WHAT YOU WILL DO >> Could you repeat, exactly and with no pictures, only the lines from the start of the records through the line containing "4 шт. автомобильные"?

:: DATA IN THIS EXERCISE

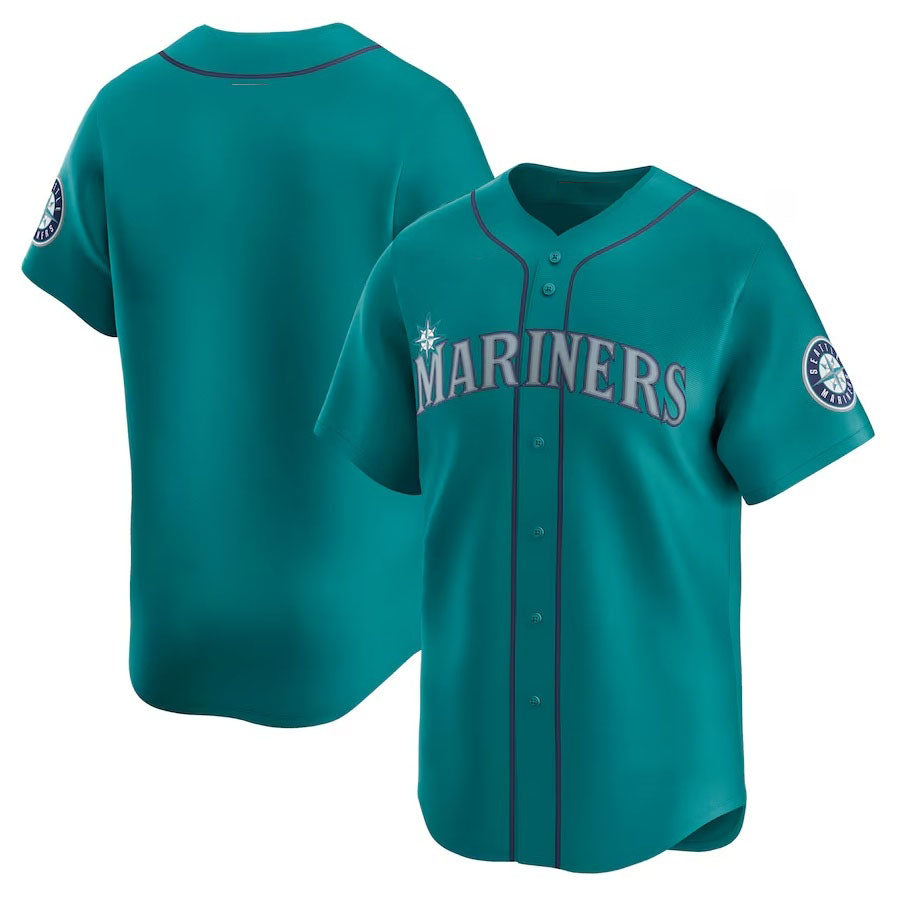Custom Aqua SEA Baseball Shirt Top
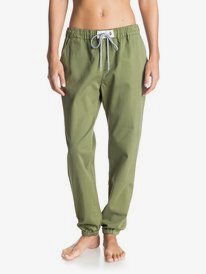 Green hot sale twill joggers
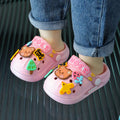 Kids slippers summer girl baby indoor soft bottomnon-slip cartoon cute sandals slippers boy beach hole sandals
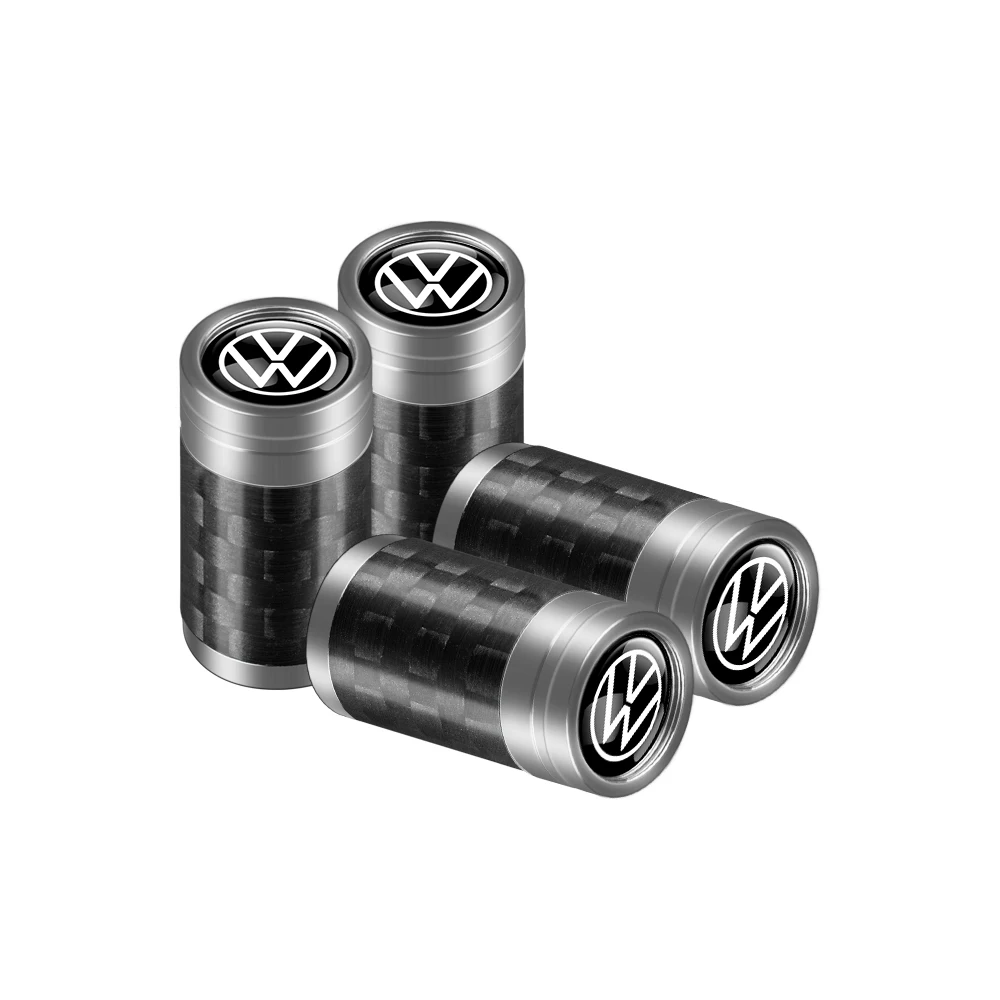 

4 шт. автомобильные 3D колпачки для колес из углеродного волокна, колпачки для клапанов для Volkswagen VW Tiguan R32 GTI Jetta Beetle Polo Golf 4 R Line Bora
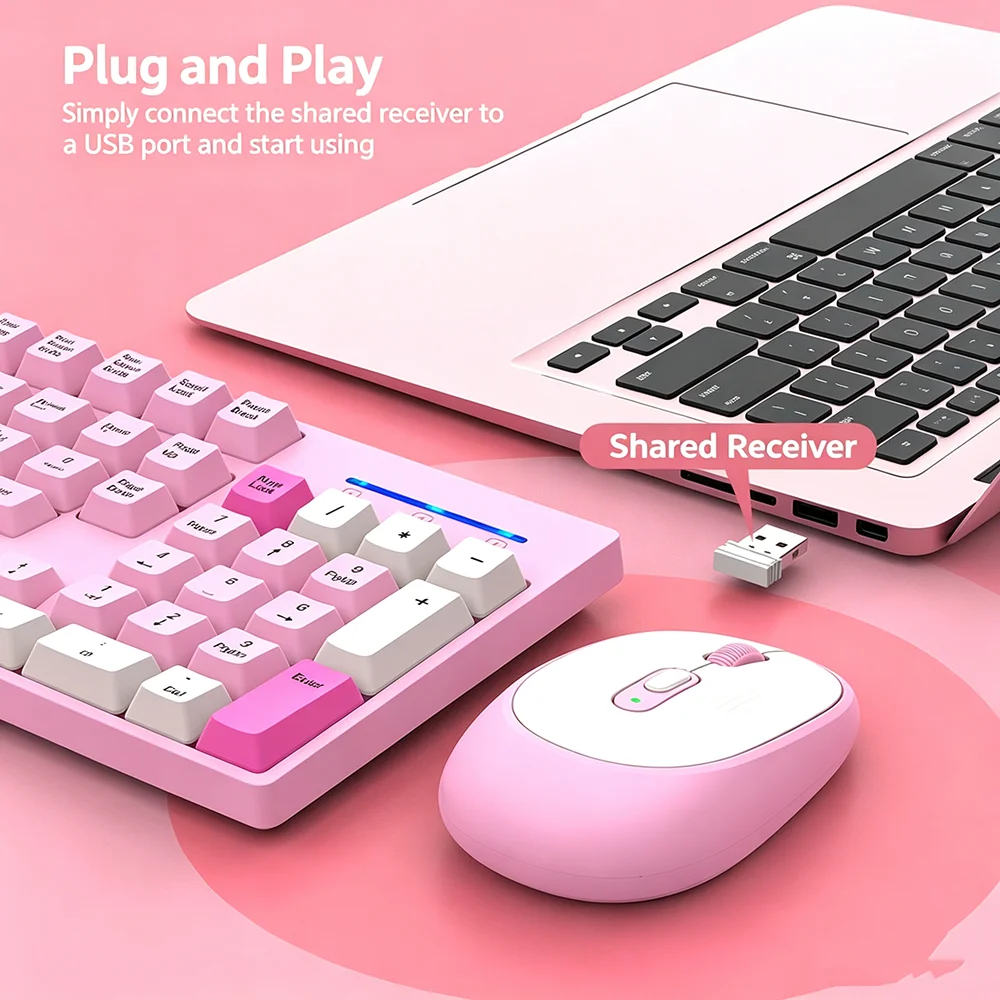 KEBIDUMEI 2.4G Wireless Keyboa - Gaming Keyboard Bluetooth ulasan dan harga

::::

RESPONSE TO THIS EXERCISE >>
Custom Aqua SEA Baseball Shirt Top
 Green hot sale twill joggers
 Kids slippers summer girl baby indoor soft bottomnon-slip cartoon cute sandals slippers boy beach hole sandals

4 шт. автомобильные 3D колпачки для колес из углеродного волокна, колпачки для клапанов для Volkswagen VW Tiguan R32 GTI Jetta Beetle Polo Golf 4 R Line Bora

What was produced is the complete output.